Again, this schedule speaks to a sense of respect for the whole person, for the fact that as learners, we need to be in school doing work that is meaningful and relevant, but to be out of school choosing activities we want to pursue — some that deepen learning or get us ready for college or both, and some that are ways we nourish ourselves, physically, mentally, or spiritually. I think deep learning can occur better in school when we allow ourselves time to adequately refresh. (I also wonder what the workplaces of the future will look like when this philosophy spreads and consequently creates a new type of mental attitude. The overloaded schedules our kids have are simply a mirror of the adult world’s generally overtaxed work life.)
Wonder and Magic
As you can tell, I’ve returned convinced that the High Tech Village is educational Disneyland, as I thought it was when I watched the edutopia video so many years ago. I’m amazed that the video was able to capture something deep and true in 5 minutes, a reality that has borne up over three visits to the schools and multiple encounters with myriad educators and students in them. Now I understand better the principles by which the schools operate and look forward to delving even deeper into them, but there’s something more . . . .
One of the similarities I see between Disneyland and the High Tech schools is that they both aim to produce a sense of wonder and magic. Larry talks about that sense of wonder in Most Likely to Succeed, when he describes the students on the schools’ exhibition nights, events when parents and the local community come to view student work.
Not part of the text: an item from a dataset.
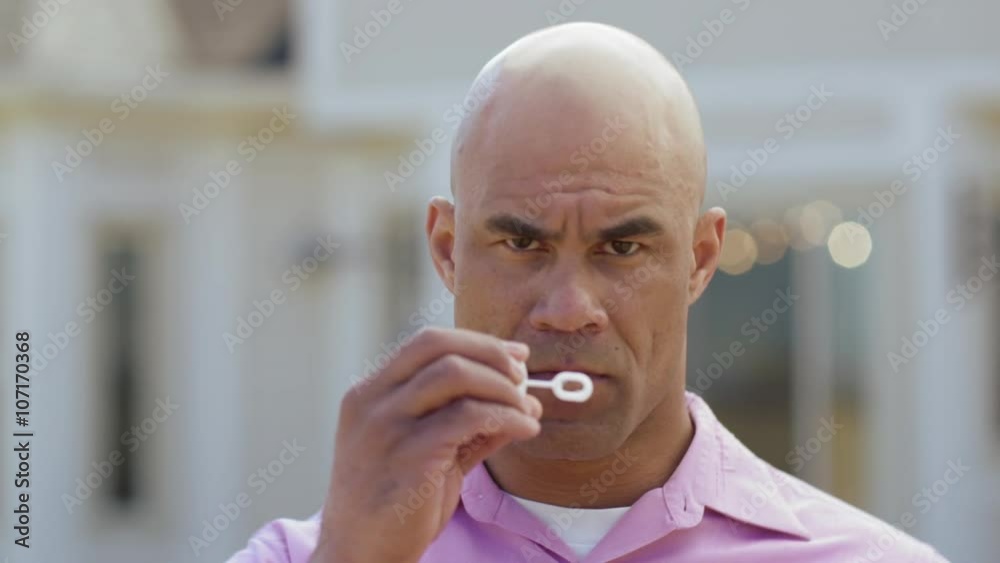 Close up of a mixed-race man in a pink shirt, scowling and blowing bubbles while outdoors on a sunny spring day.  Slow motion, recorded at 180fps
Larry strongly believes we all have a need to create something and share it with the world, and we all want to experience the wonder, as Larry says, that the student has when realizing, “I made this and someone is coming to see it.”
As for the magic: it was a word that popped up when our critical friend Marc Shulman used it when he was working with our team and again when we selected quotations that had meaning for us when contemplating equity in our schools:
“I’m here to tell you that magic can be taught . . . . You teach it by allowing people to go into those spaces where the magic is happening.” — Chris Emden
It’s happening at the High Tech Schools. It’s happening.